Several general results concerning model selection uncertainty were as expected, namely, that model selection uncertainty decreased with sample size while power to discriminate between competing models increased. In addition, model selection uncertainty depended on the fit index, with AIC resulting in the selection of more complex models at smaller sample sizes compared to BIC.

More interestingly, regarding the question whether bootstrap selection rates are useful over and above the information provided by the fit indices, our results showed that bootstrap selection rates were generally well below unity. This means that even if a model comparison in the sample from the population resulted in AIC or BIC differences between 8 and 10 or larger than 10 in favor of a given model, other models were selected in multiple bootstrap samples drawn from the original sample. In practice, such a finding can protect against focusing only on the single best-fitting model. The utility of bootstrap selection rates was especially evident in the mixture part of the simulation. In the mixture analyses, there was evidence of considerable model selection uncertainty for both N=350 and N=700 when using AIC or the sample size adjusted BIC. The bootstrap selection rates did not exceed 0.80 even if differences in the original sample were larger than 20, suggesting that other models can represent the population structure, showing that bootstrap selection rates can guard against undue confidence in the top model. In that case, not only the best-fitting model should be considered for inference. These results mirror the empirical results presented in our first paper on this topic (Lubke & Campbell, 2016). In Lubke and Campbell (2016), we found that the largest bootstrap selection rates for any of the fitted models did not exceed 0.258 in the Holzinger-Swineford analysis when the BIC difference between the two best-fitting models was 16.20. In the growth mixture analysis of the NLSY data, the highest bootstrap selection rate was 0.478 when the BIC difference was 12.04. This showed that bootstrap selection rates can caution against an interpretation of the results that focuses only on the best fitting model even when the observed AIC or BIC difference in the sample is large.

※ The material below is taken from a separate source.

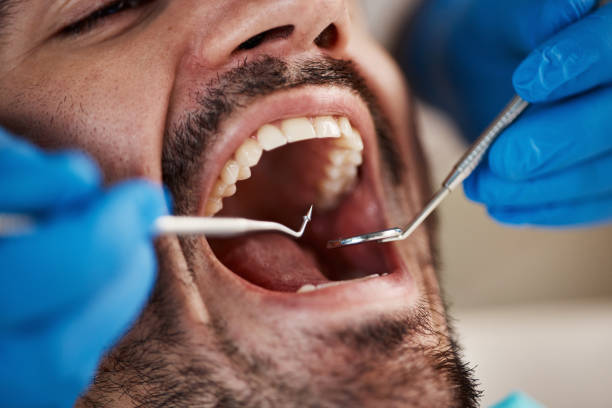 Best Same-Day Emergency Dentist in Rossville, IN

In mixture analyses, the proposed bootstrap approach is also useful to compute model convergence rates, which provide useful information regarding model instability. Rather than having to base the interpretation of a model comparison on the models that converged properly, bootstrapping provides convergence rates together with information concerning the potential causes of non-convergence in the bootstrap samples. We found that models that did not properly converge in the original sample can have substantial non-zero convergence rates in the bootstrap samples as well as, vice versa, that models that converged in the original sample had less than perfect bootstrap convergence rates. In addition to the information regarding model stability, results (e.g., parameter estimates, fit indices) of properly converged models in bootstrap samples can be useful in the general discussion of a given empirical analysis.

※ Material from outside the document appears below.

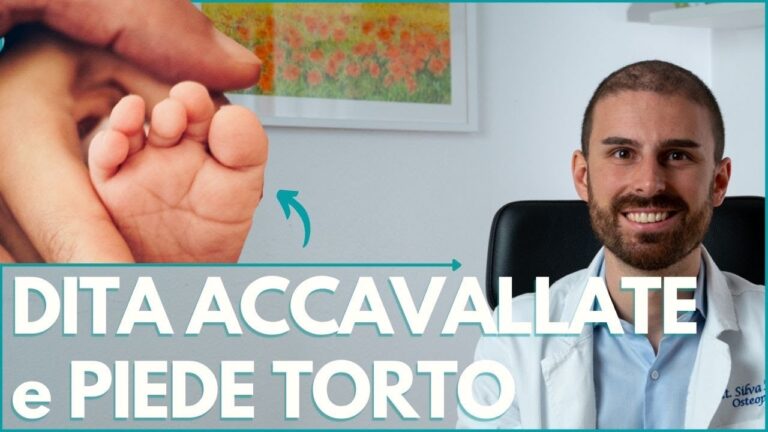 Accavallamento Dita dei Piedi: Cosa Rivelano sulla Tua Personalità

Regarding the differences in performance between the AIC and BIC in this simulation, it is important to note that our study was not designed to compare these two indices. It is known that AIC is not asymptotically consistent, and can lead to the selection of overly complex models when sample size increases (Linhart & Zucchini, 1986). The BIC, on the other hand, is known to be consistent but not efficient, potentially leading to the selection of overly simple models in smaller samples (Vrieze, 2012). The result in this study that AIC-based selection resulted in adopting the model with the smallest discrepancy due to approximation more often than BIC. Especially in smaller samples, this can be simply be due to the fact that the most complex fitted model was also the model with the smallest approximation discrepancy. AIC-based model selection in this study could therefore by design not result in the selection of a model that is too complex. The results of this study did confirm the tendency of BIC to select overly simple models in cases where the sample size is small.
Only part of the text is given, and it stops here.